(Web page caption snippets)
· · · · · · ·

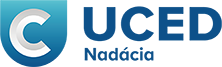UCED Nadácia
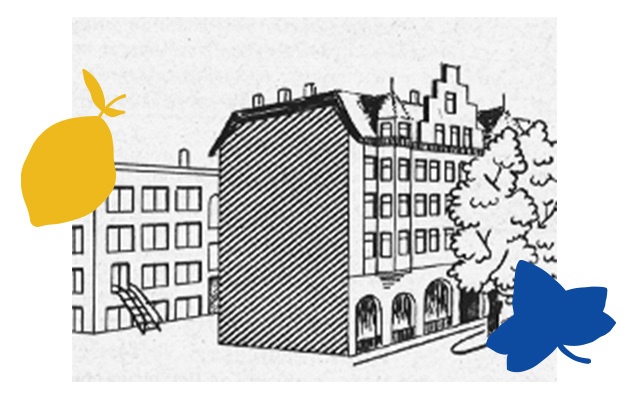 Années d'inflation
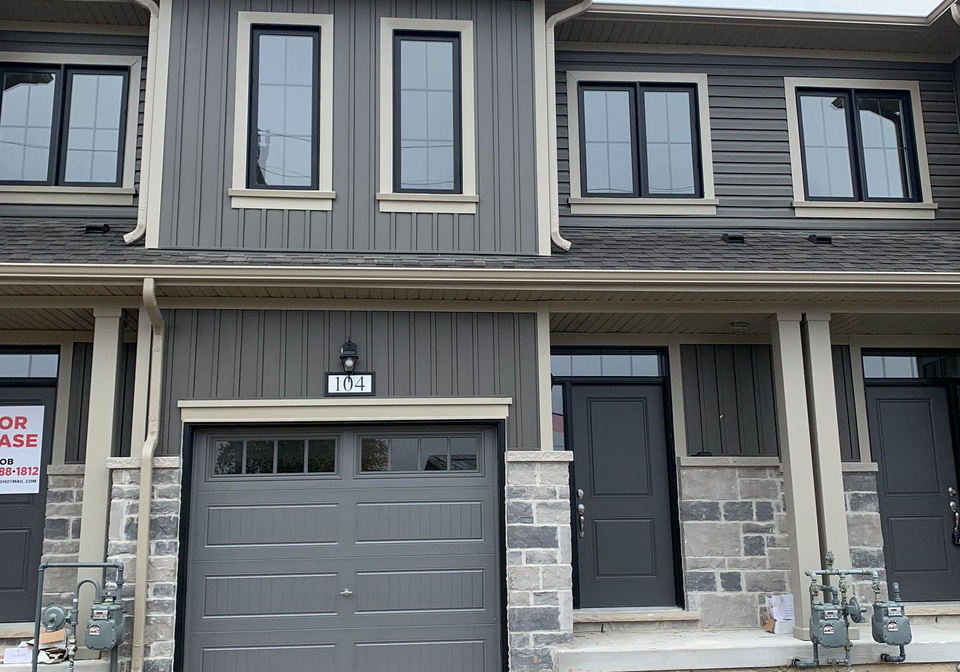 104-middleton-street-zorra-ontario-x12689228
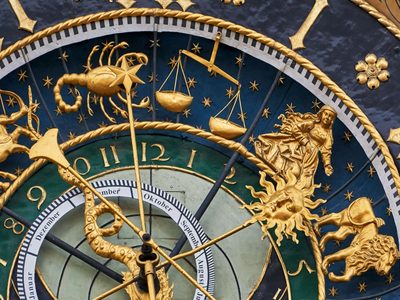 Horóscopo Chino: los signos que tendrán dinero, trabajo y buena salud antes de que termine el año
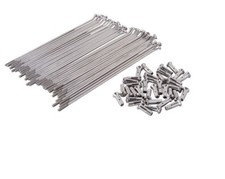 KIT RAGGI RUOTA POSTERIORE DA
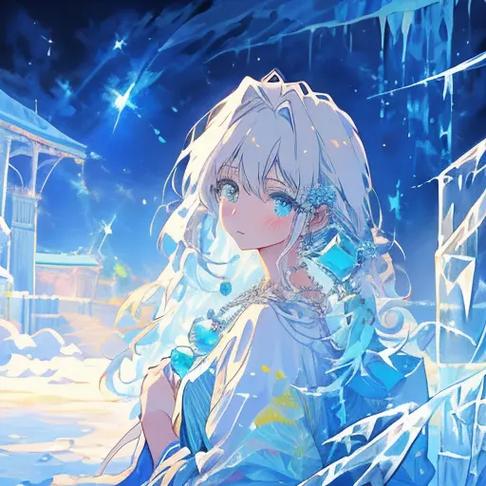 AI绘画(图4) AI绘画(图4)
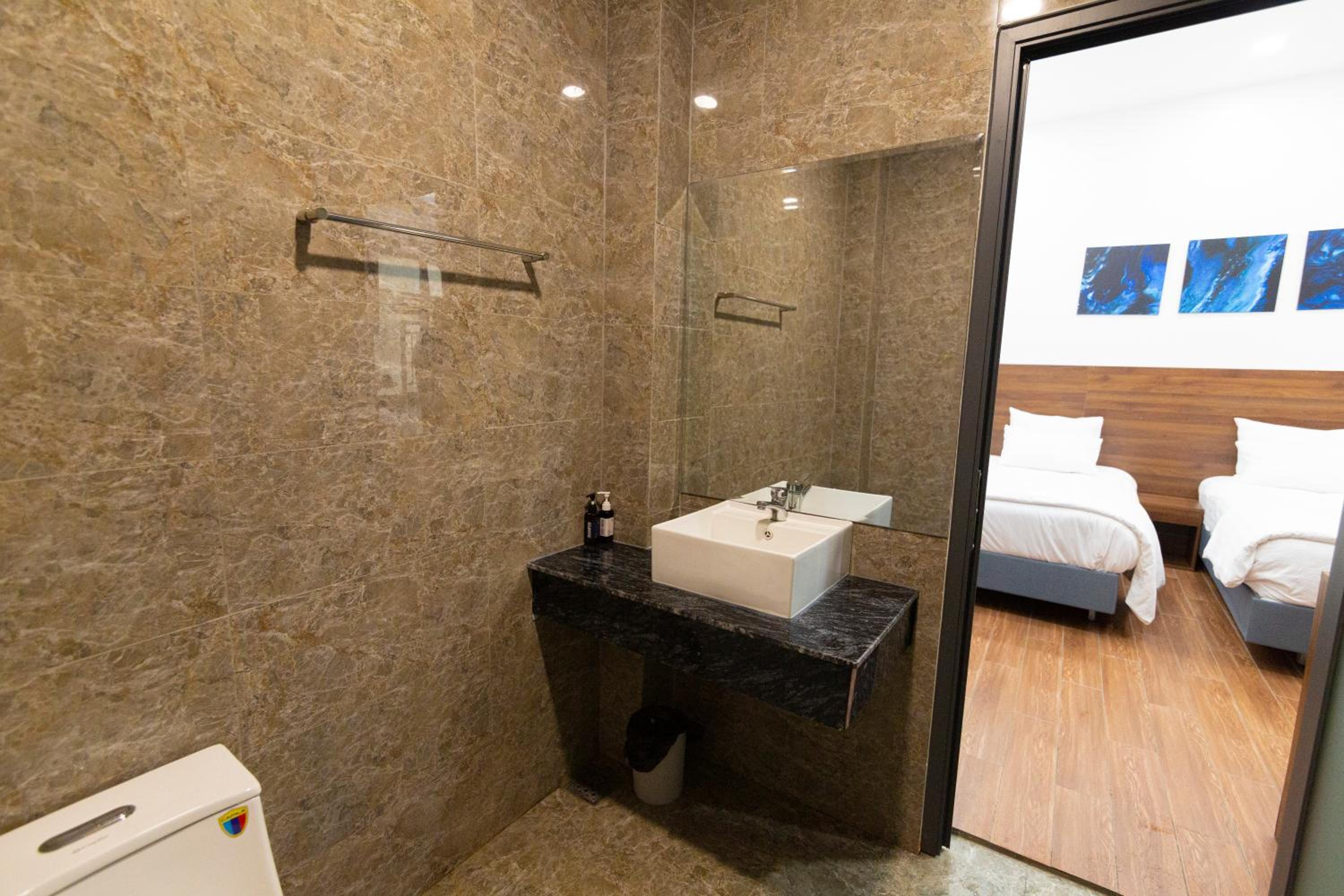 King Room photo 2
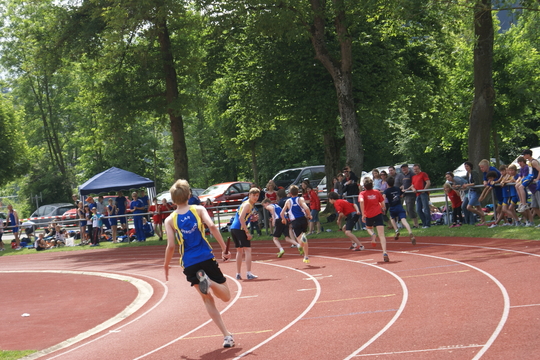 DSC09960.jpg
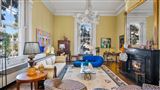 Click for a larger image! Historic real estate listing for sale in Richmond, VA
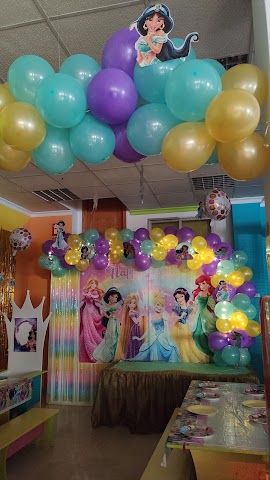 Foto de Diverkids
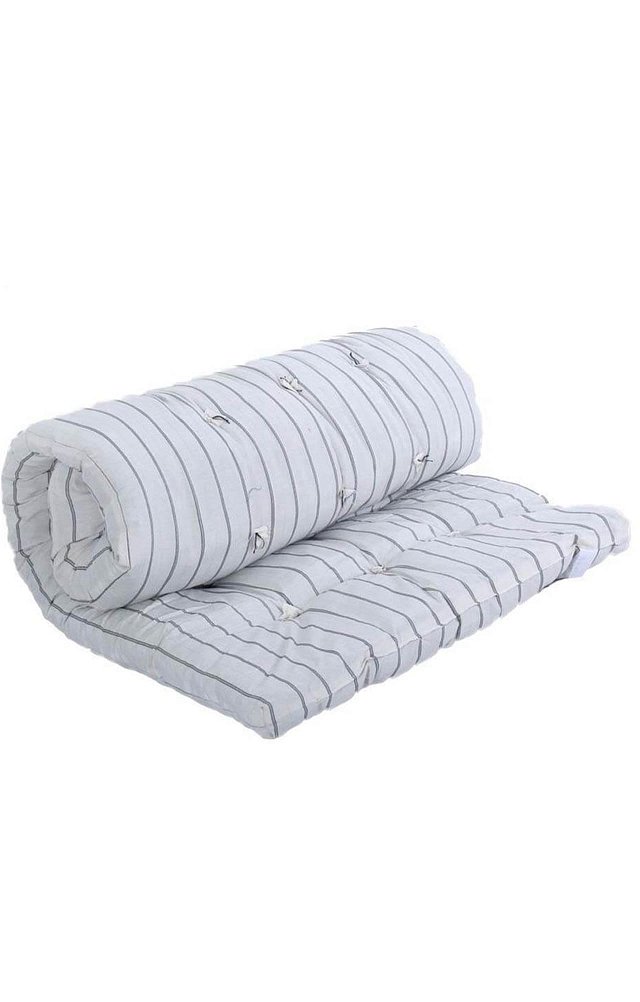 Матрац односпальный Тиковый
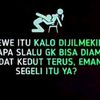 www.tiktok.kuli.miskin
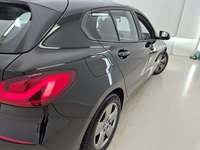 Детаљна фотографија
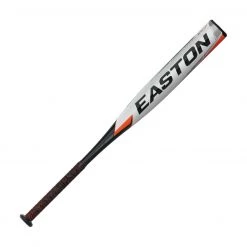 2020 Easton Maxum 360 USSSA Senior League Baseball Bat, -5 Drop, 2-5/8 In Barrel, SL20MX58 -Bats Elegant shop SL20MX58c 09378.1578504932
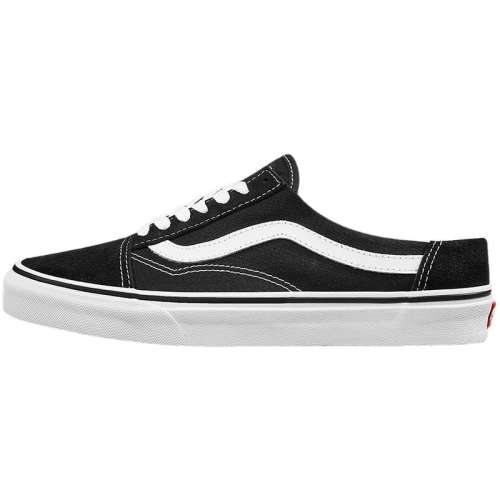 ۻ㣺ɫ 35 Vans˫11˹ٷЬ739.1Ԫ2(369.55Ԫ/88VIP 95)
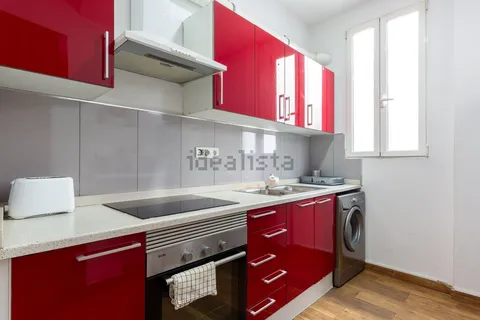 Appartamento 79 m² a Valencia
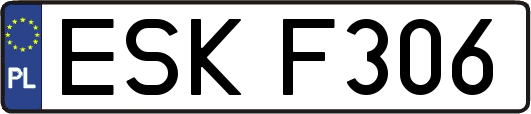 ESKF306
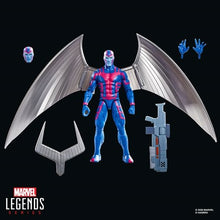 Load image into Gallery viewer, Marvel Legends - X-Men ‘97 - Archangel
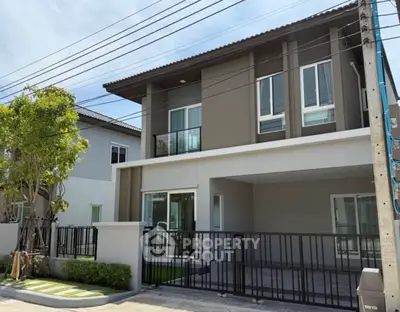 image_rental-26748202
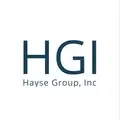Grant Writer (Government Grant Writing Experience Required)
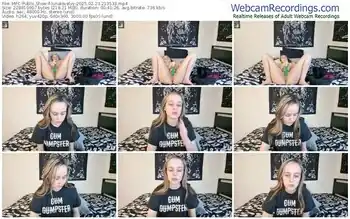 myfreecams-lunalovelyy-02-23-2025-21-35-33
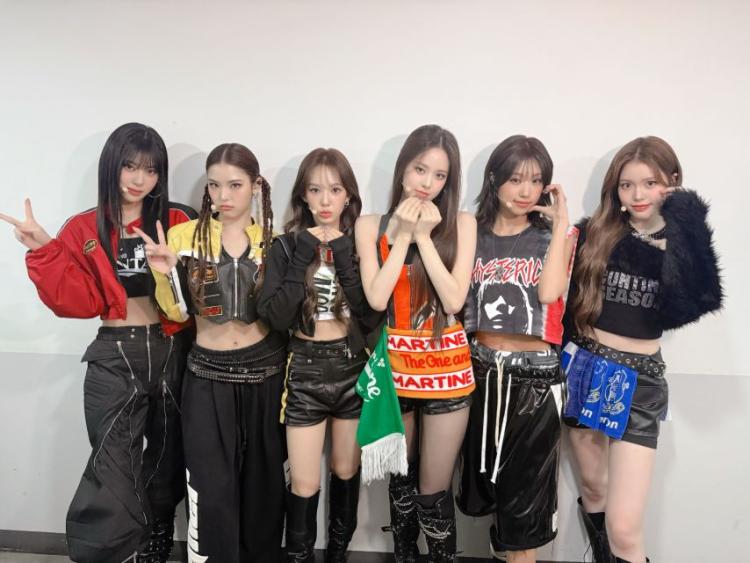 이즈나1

· · · · · · ·

» PROBLEM: Retype exactly the lines above, starting at the line containing "Années d'inflation" and ending with the last line, both included; leave out the pictures.

» EXPECTED ANSWER:
 Années d'inflation
 104-middleton-street-zorra-ontario-x12689228
 Horóscopo Chino: los signos que tendrán dinero, trabajo y buena salud antes de que termine el año
 KIT RAGGI RUOTA POSTERIORE DA
 AI绘画(图4) AI绘画(图4)
 King Room photo 2
 DSC09960.jpg
 Click for a larger image! Historic real estate listing for sale in Richmond, VA
 Foto de Diverkids
 Матрац односпальный Тиковый
 www.tiktok.kuli.miskin
 Детаљна фотографија
 2020 Easton Maxum 360 USSSA Senior League Baseball Bat, -5 Drop, 2-5/8 In Barrel, SL20MX58 -Bats Elegant shop SL20MX58c 09378.1578504932
 ۻ㣺ɫ 35 Vans˫11˹ٷЬ739.1Ԫ2(369.55Ԫ/88VIP 95)
 Appartamento 79 m² a Valencia
 ESKF306
 Load image into Gallery viewer, Marvel Legends - X-Men ‘97 - Archangel
 image_rental-26748202
Grant Writer (Government Grant Writing Experience Required)
 myfreecams-lunalovelyy-02-23-2025-21-35-33
 이즈나1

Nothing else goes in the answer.